Operations for joining graphs with external datasets, converting between different data representations, and integrating graph processing with the broader Flink ecosystem.
Join graph vertices and edges with external datasets to enrich graph data or update graph structure based on external information.
Join vertex data with external datasets using vertex IDs as join keys.
/**
* Joins the vertex DataSet of this graph with an input Tuple2 DataSet and applies
* a user-defined transformation on the values of the matched records.
* The vertex ID and the first field of the Tuple2 DataSet are used as the join keys.
* @param inputDataSet the Tuple2 DataSet to join with.
* The first field of the Tuple2 is used as the join key and the second field is passed
* as a parameter to the transformation function.

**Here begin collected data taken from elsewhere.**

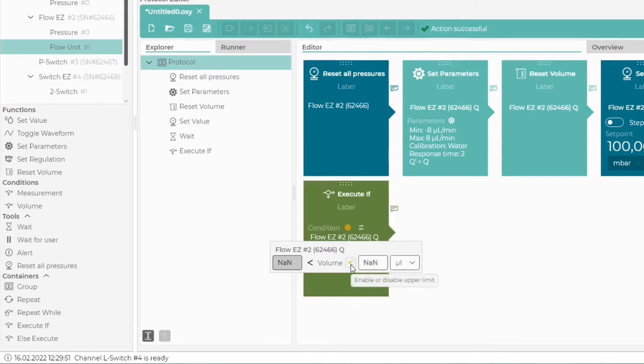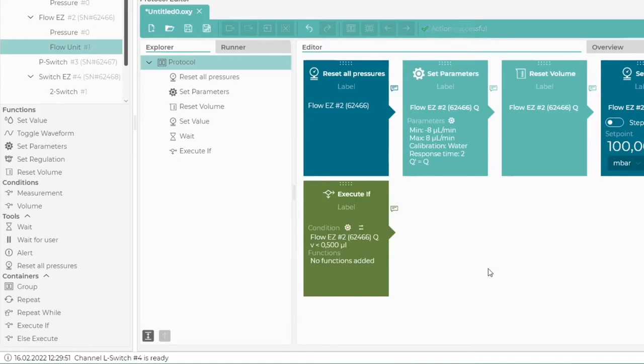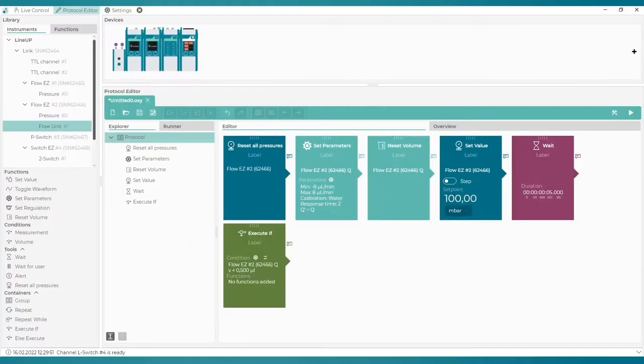Then we click on the less sign to enable the upper limit. The condition here is smaller than 0.5 microliters. We enter the value and click outside the block to enable the changes. Now we need to add an action which will be executed if the condition is true.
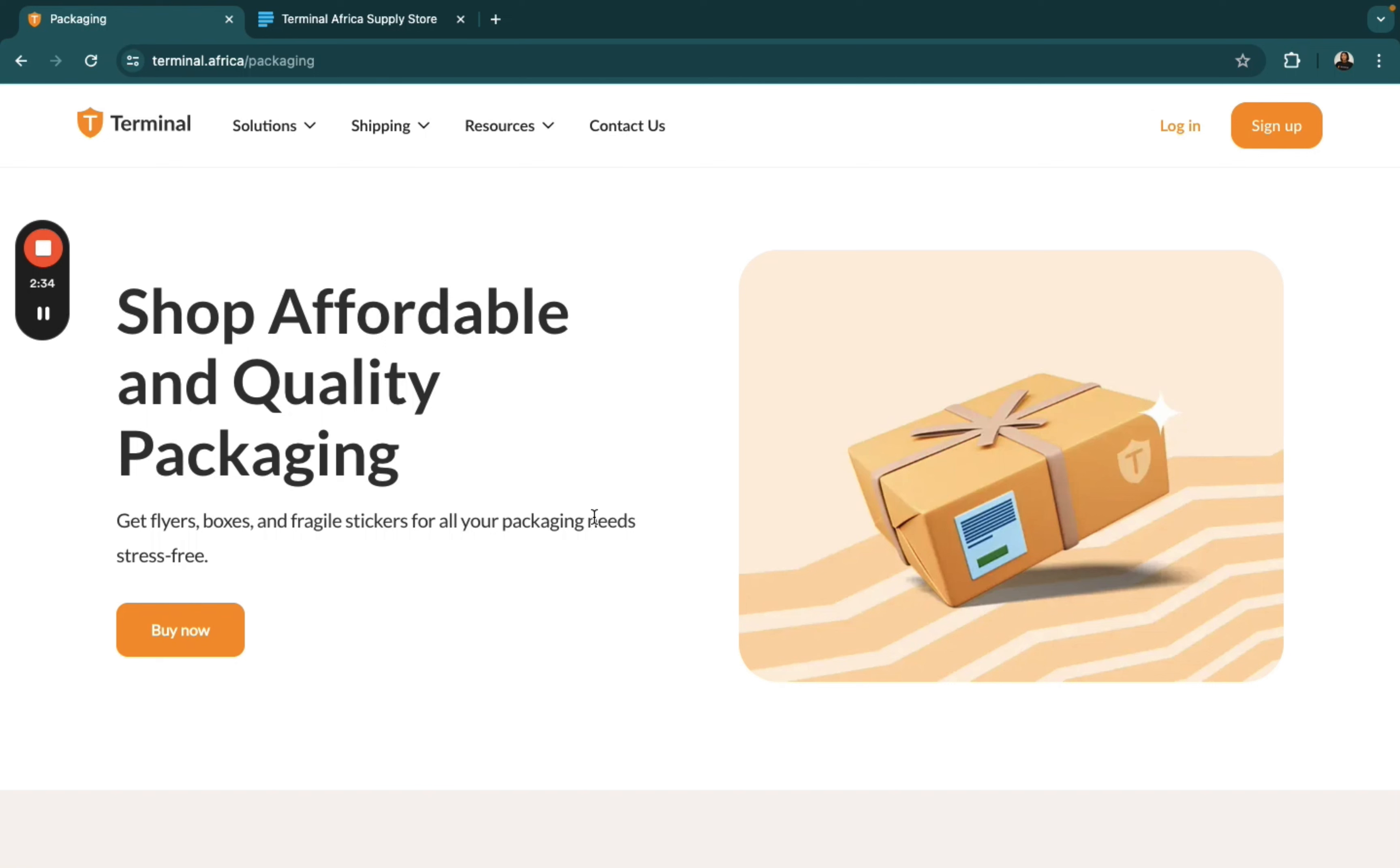And that's it. You have successfully purchased packaging materials on Terminal Africa. If you have any questions, leave it in the comments below. I'll be looking and I'll be responding. Thank you.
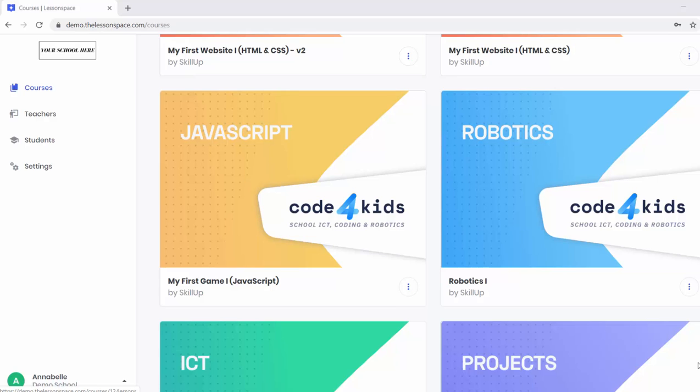Hello everyone and welcome to our Code for Kids course on my first game, Learning JavaScript.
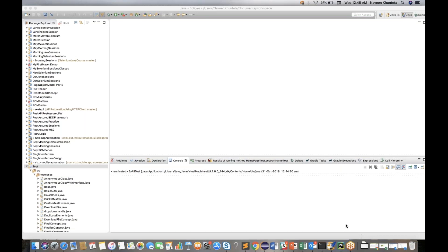So far we have seen that there are eight different locators available in Selenium in the By class: we have By.xpath, By.id, By.name, By.cssSelector, By.className, linkText, partialLinkText, and tagName. These are the eight different locators available. But apart from that, there are three other different locators also available.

* @param vertexJoinFunction the transformation function to apply.
* The first parameter is the current vertex value and the second parameter is the value
* of the matched Tuple2 from the input DataSet.
* @return a new Graph, where the vertex values have been updated according to the
* result of the vertexJoinFunction.
* @tparam T the type of the second field of the input Tuple2 DataSet.
*/
def joinWithVertices[T](inputDataSet: DataSet[(K, T)],
vertexJoinFunction: VertexJoinFunction[VV, T]): Graph[K, VV, EV]
/**
* Joins the vertex DataSet of this graph with an input Tuple2 DataSet and applies
* a user-defined transformation on the values of the matched records.

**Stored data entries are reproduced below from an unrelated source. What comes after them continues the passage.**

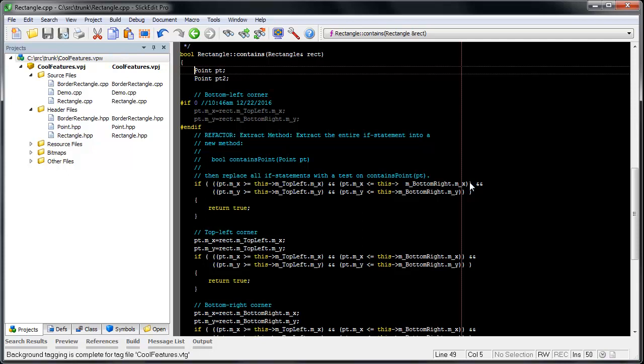In this video, we are going to talk about using SlickEdit's Selective Display dialog box to manipulate the lines that are displayed by using a search string. There will be another video to cover this same functionality from the command line.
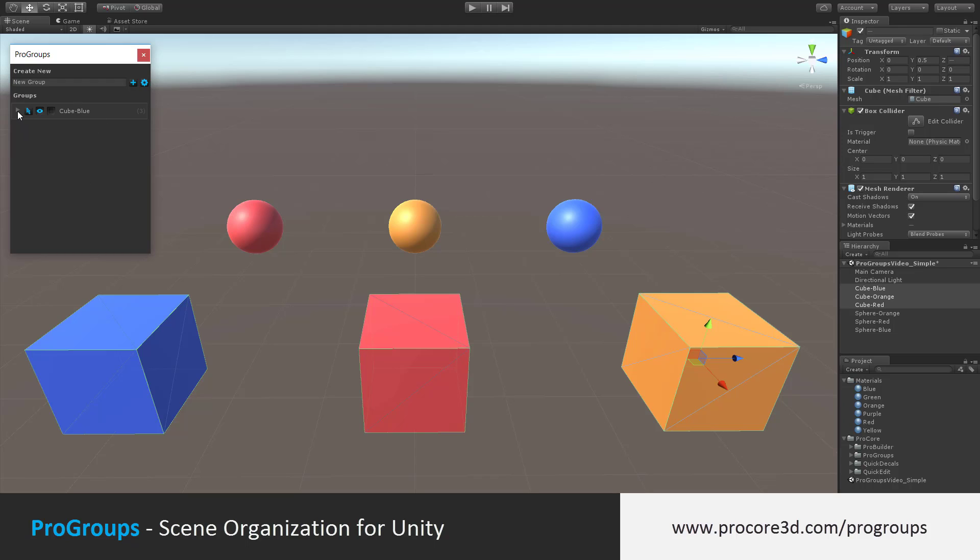If you click on the drop-down next to the group name, you'll see all the objects in the group, and you can click any of the red X buttons to remove that object from the group. To rename the group, just double-click on the name and give it any suitable name. In this case, I will call it Cubes.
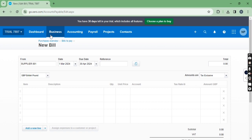As per your requirement, you can set a due date manually, set a due date for a particular contact, or set a default due date for all suppliers and customers. That's all for today — thanks for watching, please like the video and subscribe to the channel.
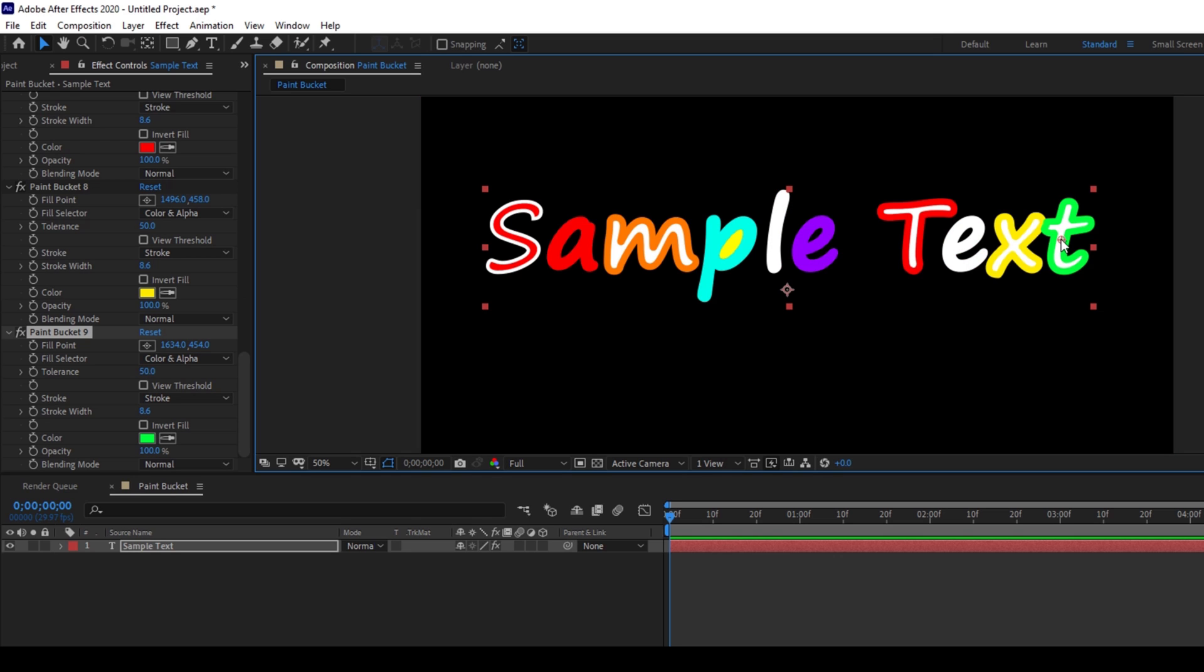I definitely feel that the paint bucket effect would come in handy whenever you're trying to create some funky text in your project.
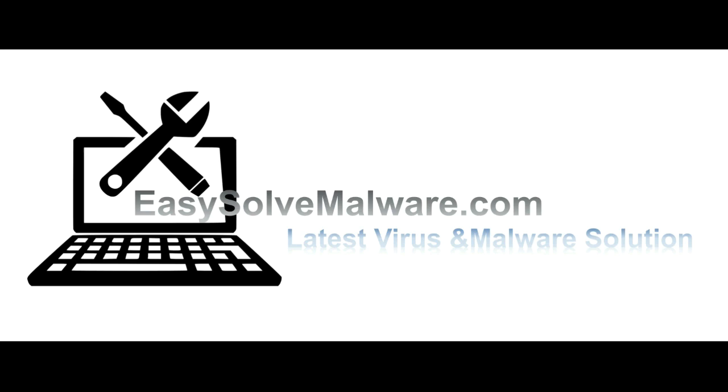That's all. Thank you for watching the video from EasySolveMalware.com. We hope it solves your problem.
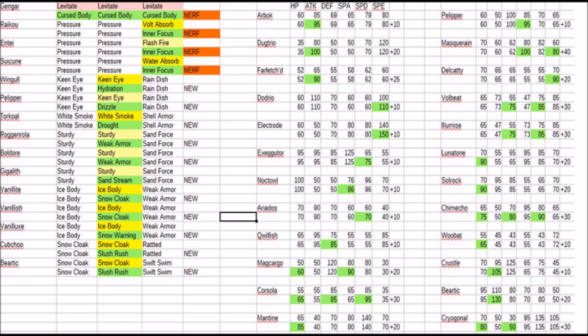But those are the big changes in abilities as far as got revealed. It's very possible that we're going to see even new abilities being implemented with leaks. But as of right now, these are the ones that are available. And then we have the stat changes. Arbok will get a 10 base power boost in Attack. Dugtrio, or Diglett, I mean, will get a 20 boost in Attack.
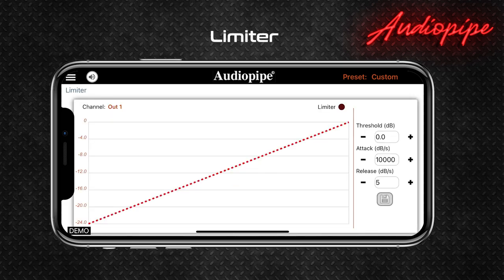Limiter: the limiter function is to protect the amplifier and speakers from high energy audio peaks that can cause a lot of damage. It does this by clipping the input signal if it exceeds a threshold that is set with a parameter. The other two parameters that are set are the response speed of the limiter when the peak starts and the response speed of the limiter when the peak ceases.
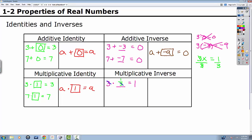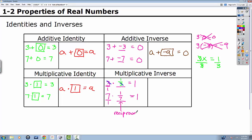Let's try another example: seven times what equals one? Following the pattern, you should get one seventh. The sevens cancel, leaving us with one. Anytime you take a number and flip it over — three is actually three over one, seven is seven over one — you get its reciprocal. So one third and one seventh are reciprocals. The multiplicative inverse means multiplying a number by its reciprocal to get the identity of one. So let's write the rule: A times one over A equals one, the multiplicative identity.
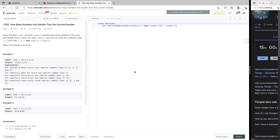This is a technical coding interview where we'll be solving a question within the allotted time of 10 minutes. The question says: how many numbers are smaller than the current number? Given an array of numbers, for each number at index i, find out how many numbers in the array are smaller than it — that is, count the number of indices j where j is not equal to i and nums[j] is less than nums[i]. Return the answer as an array.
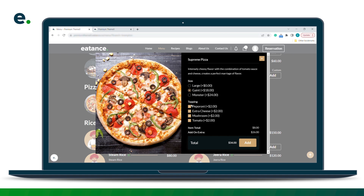There is also a toppings option where the customer can add multiple toppings. You can see the checkbox for toppings versus the single-select box for size — size can only be one selection whereas toppings can be multiple. The value of four toppings is $8, plus the additional value of the giant size is $18, which equals $26, and the base price of the product is $8. This is our configurable or customizable product that customers can use to create a higher-value product.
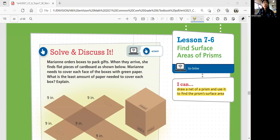Hello, everyone. This is Math 6. Let's move on to Lesson 7-6, Find Surface Areas of Prisms. In this lesson, we'll be able to draw a net of a prism and use it to find a prism's surface area. Last lesson, we looked at the net of a prism and how to classify our solids. Today, we're going to talk about surface areas using the net.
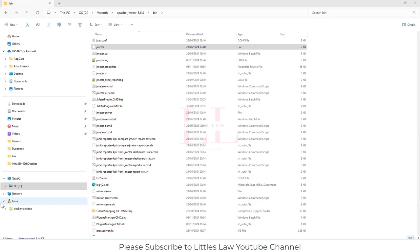Hi, hello, Vanakkam. Welcome back to another episode on your favorite Littles Law YouTube channel.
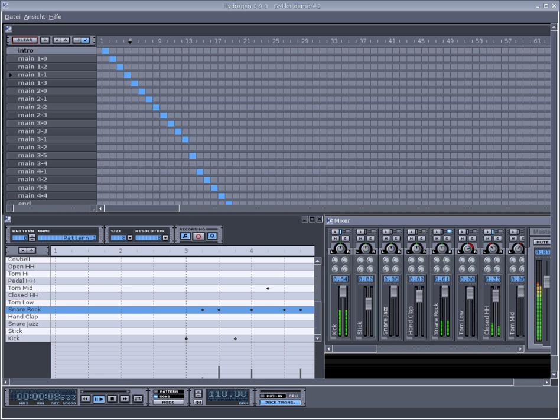Hydrogen is an open-source drum machine created by Alessandro Cominu, an Italian programmer who goes by the pseudonym Comix. Its main goal is to provide professional yet simple and intuitive pattern-based drum programming.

* The vertex ID and the first field of the Tuple2 DataSet are used as the join keys.
* @param inputDataSet the Tuple2 DataSet to join with.
* The first field of the Tuple2 is used as the join key and the second field is passed
* as a parameter to the transformation function.
* @param fun the transformation function to apply.
* The first parameter is the current vertex value and the second parameter is the value
* of the matched Tuple2 from the input DataSet.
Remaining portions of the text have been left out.